Listed records
Start of Block

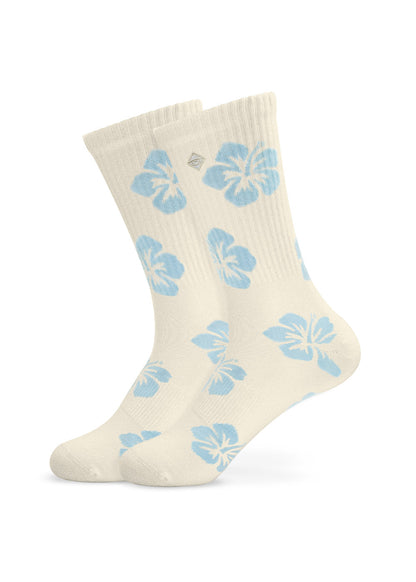 J.Clay Hibiscus Flower Socken: cremefarben mit hellblauem Hibiskusmuster, aufrecht stehend auf weiß.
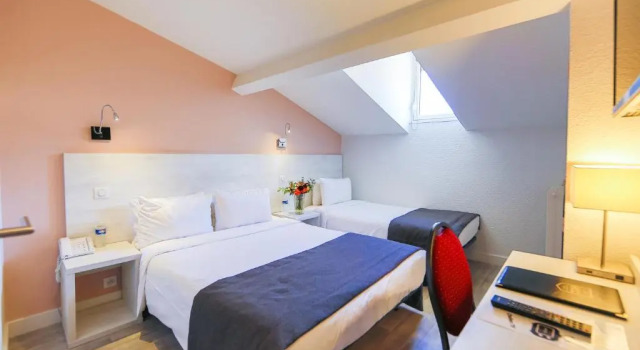 Трёхместный номер Standard Hotel Cannes Croisette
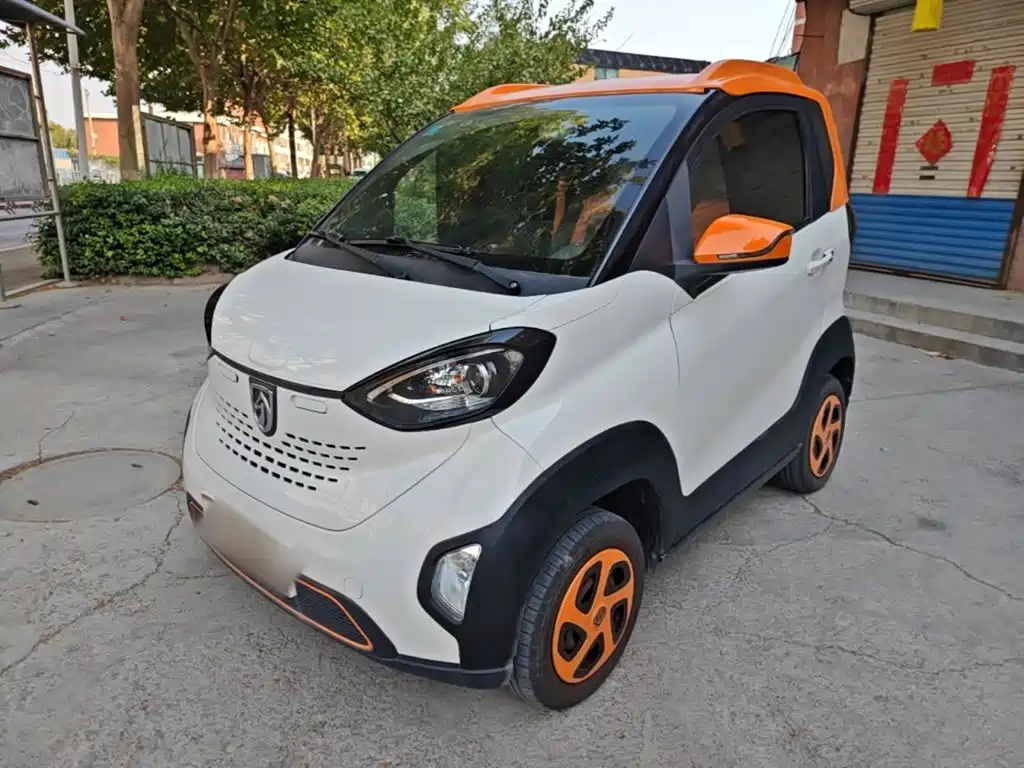 Baojun E100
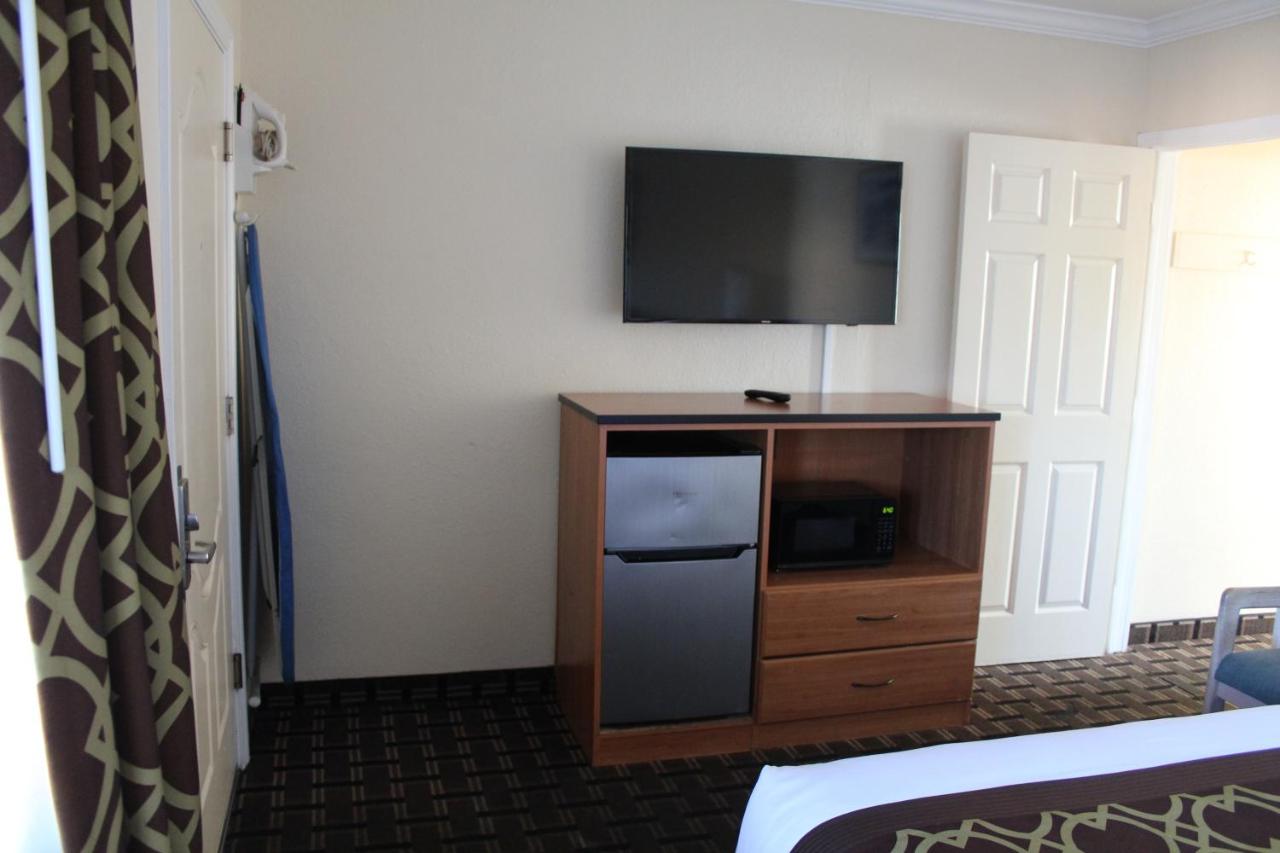 | Riverside Inn & Suites Santa Cruz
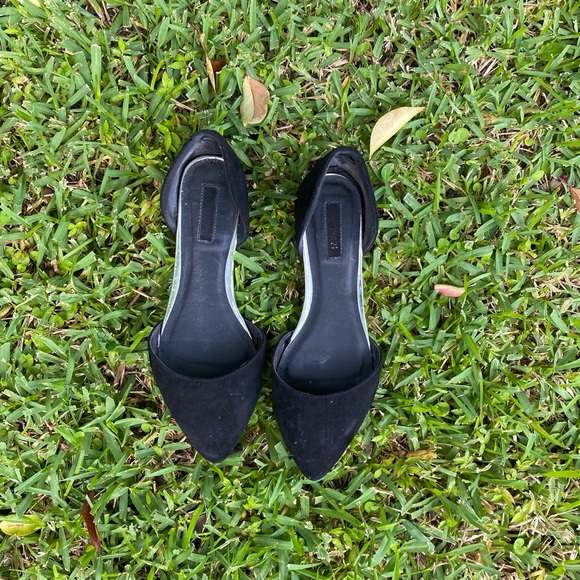 Forever 21 Black Flats - Picture 2 of 7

End of Block

Task brief
Above are the records; print them all exactly and keep the pictures out.

Exercise result
 J.Clay Hibiscus Flower Socken: cremefarben mit hellblauem Hibiskusmuster, aufrecht stehend auf weiß.
 Трёхместный номер Standard Hotel Cannes Croisette
 Baojun E100
 | Riverside Inn & Suites Santa Cruz
 Forever 21 Black Flats - Picture 2 of 7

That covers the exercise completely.